In particular, I didn't realize that the order of variables within group_by() matters. It appears that after a summarize(), only the first grouping variable remains grouped. This result was totally unintuitive to me, so I figured I'd ask-- does this make sense to everyone? or is it a bug?
For example, if I adapt the example from this thread:
library(tidyverse)
data.frame(Titanic) %>%
group_by(Class, Age) %>%
summarize(Freq = sum(Freq)) %>%
mutate(Class = reorder(Class, Freq))
#> Error in mutate_impl(.data, dots): Column `Class` can't be modified because it's a grouping variable
#when I switch the order within the group_by(), it works
data.frame(Titanic) %>%
group_by(Age, Class) %>%
summarize(Freq = sum(Freq)) %>%
mutate(Class = reorder(Class, Freq))
#> # A tibble: 8 x 3
#> # Groups: Age [2]
#> Age Class Freq
#> <fct> <fct> <dbl>
#> 1 Child 1st 6
#> 2 Child 2nd 24
#> 3 Child 3rd 79
#> 4 Child Crew 0
#> 5 Adult 1st 319
#> 6 Adult 2nd 261
#> 7 Adult 3rd 627
#> 8 Adult Crew 885
@martin.R is spot on. Any summarize drops the last grouping because otherwise any following operations would be row-wise operations as there are, by definition, only one row per original grouping. But don't feel like you should know this, I agree it's not intuitive. Every few months someone submits this as a bug on the dplyr github site. I had submitted a suggestion that dplyr should throw an information text explaining the dropped grouping. But the executive decision is "this is by design".
When to ungroup is sort of a different question. You can do all sorts of things with grouped data and not have any issue. Until you do. So my really unsophisticated approach is that I ungroup when grouped data does not do what I need it to. Yeah, that's not a very informative heuristic, I realize. My single most common reason for doing an ungroup is that I want to drop a variable that's in the grouping. dplyr will not let us drop a variable that's in a grouping.

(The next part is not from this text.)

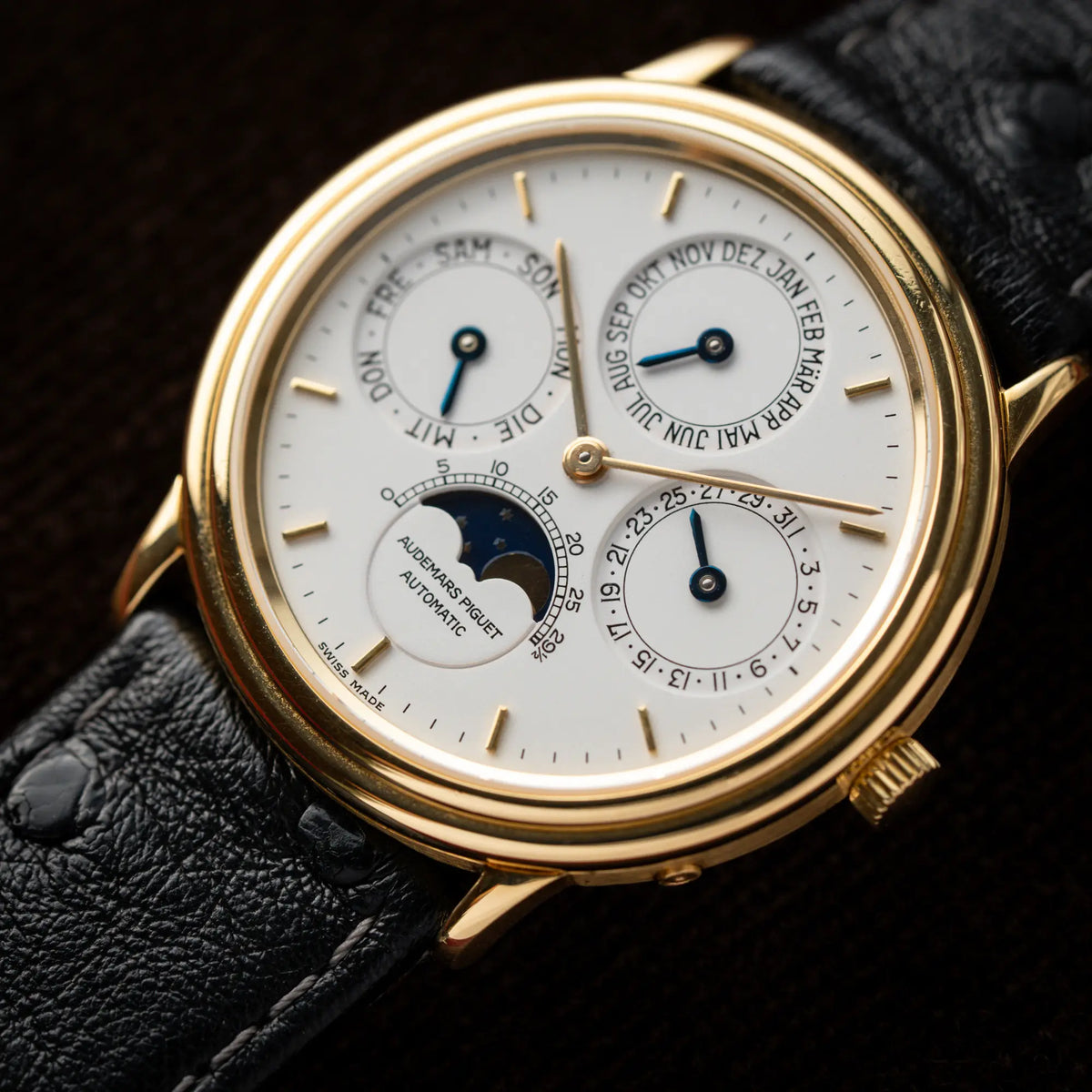Nahe Produktfotografie der Audemars Piguet Quantième Perpétual der Referenz 5548BA mit 36mm-Gelbgold-Gehäuse und weißem Zifferblatt an einem schwarzen Lederband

Some people get rather prescriptive and make sure that for every group_by there's an associated ungroup as soon as possible. I can't live with that level of fascism, myself. But if others need heavy rules in order to sleep at night, then maybe it's a good idea.
I didn't realise we'd skirt this close to Godwin's Law over ungroup()!
My experience is that not ungrouping has bitten me and leaving data grouped has no advantage unless you explicitly need that grouping in a chain. Other things keep me awake at night instead ...
^ This helps! I hadn't thought of it this way before. I like thinking of group_by(x, y) and ungroup() as markers that say "everything between these two functions is grouped by x and y," but it looks like I need to adjust my mental model in the case of summarize()
At this point, I still think the automated dropping of a group (didn't realize it was specifically the last item, thanks @martin.R) is easy to forget if you're not paying close attention. For whatever reason, keeping all groupings (or even dropping all groupings) after summarize() feels more intuitive.